| name | code-review |
|---|---|
| description | Review the current diff for correctness bugs and reuse/simplification/efficiency cleanups at the given effort level. |
high effort → 3+4 angles × 6 candidates → 1-vote verify (recall-biased) → ≤10 findings
You are reviewing for recall at high effort: catch every real bug a careful reviewer would catch in one sitting. At this level, catching real bugs matters more than avoiding false positives. Err on the side of surfacing.
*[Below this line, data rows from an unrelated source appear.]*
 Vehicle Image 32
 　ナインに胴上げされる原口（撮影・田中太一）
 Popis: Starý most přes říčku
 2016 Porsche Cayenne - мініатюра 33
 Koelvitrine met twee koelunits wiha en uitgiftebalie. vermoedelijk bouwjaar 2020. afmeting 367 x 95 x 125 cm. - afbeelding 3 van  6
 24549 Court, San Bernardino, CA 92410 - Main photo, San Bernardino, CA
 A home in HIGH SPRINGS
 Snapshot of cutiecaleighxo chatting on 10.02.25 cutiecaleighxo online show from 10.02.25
Run git diff @{upstream}...HEAD (or git diff main...HEAD / git diff HEAD~1
if there's no upstream) to get the unified diff under review. If there are
uncommitted changes, or the range diff is empty, also run git diff HEAD and
include the working-tree changes in scope — the review often runs before the
commit. If a PR number, branch name, or file path was passed as an argument,
review that target instead. Treat this diff as the review scope.
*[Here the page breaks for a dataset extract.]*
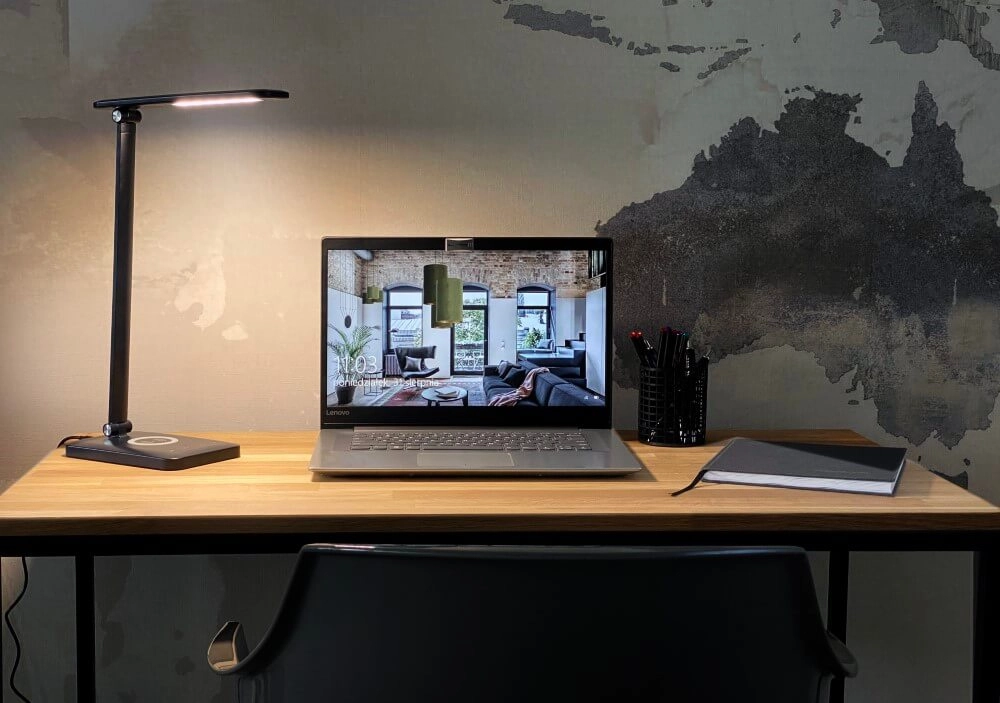 LED-Schreibtischlampe Style Led mit Smartphone-Ladegerät Lyora 5903139840491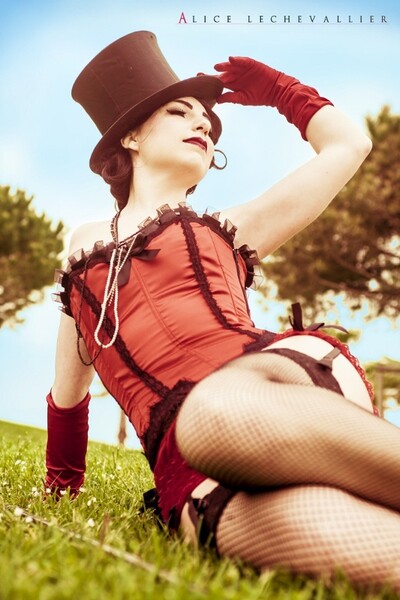 Zaza Poppin - Danseuse et Effeuilleuse Burlesque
Phase 1 — Find candidates (3 correctness angles + 3 cleanup angles + 1 altitude angle, up to 6 each)
Run 7 independent finder angles via the Agent tool. Each
surfaces up to 6 candidate findings with file, line, a one-line
summary, and a concrete failure_scenario.
Read every hunk in the diff, line by line. Then Read the enclosing function for
each hunk — bugs in unchanged lines of a touched function are in scope (the PR
re-exposes or fails to fix them). For every line ask: what input, state, timing,
or platform makes this line wrong? Look for inverted/wrong conditions,
off-by-one, null/undefined deref, missing await, falsy-zero checks,
wrong-variable copy-paste, error swallowed in catch, unescaped regex metachars.
For every line the diff DELETES or replaces, name the invariant or behavior it enforced, then search the new code for where that invariant is re-established. If you can't find it, that's a candidate: a removed guard, a dropped error path, a narrowed validation, a deleted test that was covering a real case.
For each function the diff changes, find its callers (Grep for the symbol) and check whether the change breaks any call site: a new precondition, a changed return shape, a new exception, a timing/ordering dependency. Also check callees: does a parallel change in the same PR make a call unsafe?
The angles above hunt for bugs; this one and the next two hunt for cleanup in the changed code. Flag new code that re-implements something the codebase already has — Grep shared/utility modules and files adjacent to the change, and name the existing helper to call instead.
Flag unnecessary complexity the diff adds: redundant or derivable state, copy-paste with slight variation, deep nesting, dead code left behind. Name the simpler form that does the same job.
Flag wasted work the diff introduces: redundant computation or repeated I/O, independent operations run sequentially, blocking work added to startup or hot paths. Name the cheaper alternative.
Check that each change is implemented at the right depth, not as a fragile bandaid. Special cases layered on shared infrastructure are a sign the fix isn't deep enough — prefer generalizing the underlying mechanism over adding special cases.
Cleanup and altitude candidates use the same file/line/summary shape; in
failure_scenario, state the concrete cost (what is duplicated, wasted, or
harder to maintain) instead of a crash. Correctness bugs always outrank
cleanup and altitude findings when the output cap forces a cut.
Pass every candidate with a nameable failure scenario through — finders that silently drop half-believed candidates bypass the verify step and are the dominant cause of misses.
Dedup near-duplicates (same defect, same location, same reason → keep one). For each remaining candidate, run one verifier via the Agent tool: give it the diff, the relevant file(s), and the candidate; it returns exactly one of CONFIRMED / PLAUSIBLE / REFUTED.
PLAUSIBLE by default — do not refute a candidate for being "speculative" or "depends on runtime state" when the state is realistic: concurrency races, nil/undefined on a rare-but-reachable path (error handler, cold cache, missing optional field), falsy-zero treated as missing, off-by-one on a boundary the code does not exclude, retry storms / partial failures, regex/allowlist that lost an anchor. These are PLAUSIBLE.
REFUTED only when constructible from the code: factually wrong (quote the actual line); provably impossible (type/constant/invariant — show it); already handled in this diff (cite the guard); or pure style with no observable effect.
Keep CONFIRMED and PLAUSIBLE. Drop REFUTED.
Return findings as a JSON array of at most 10 objects:
[
{
"file": "path/to/file.ext",
"line": 123,
"summary": "one-sentence statement of the bug",
"failure_scenario": "concrete inputs/state → wrong output/crash"
}
]Ranked most-severe first. If more than 10 survive, keep the 10 most
severe. If nothing survives verification, return [].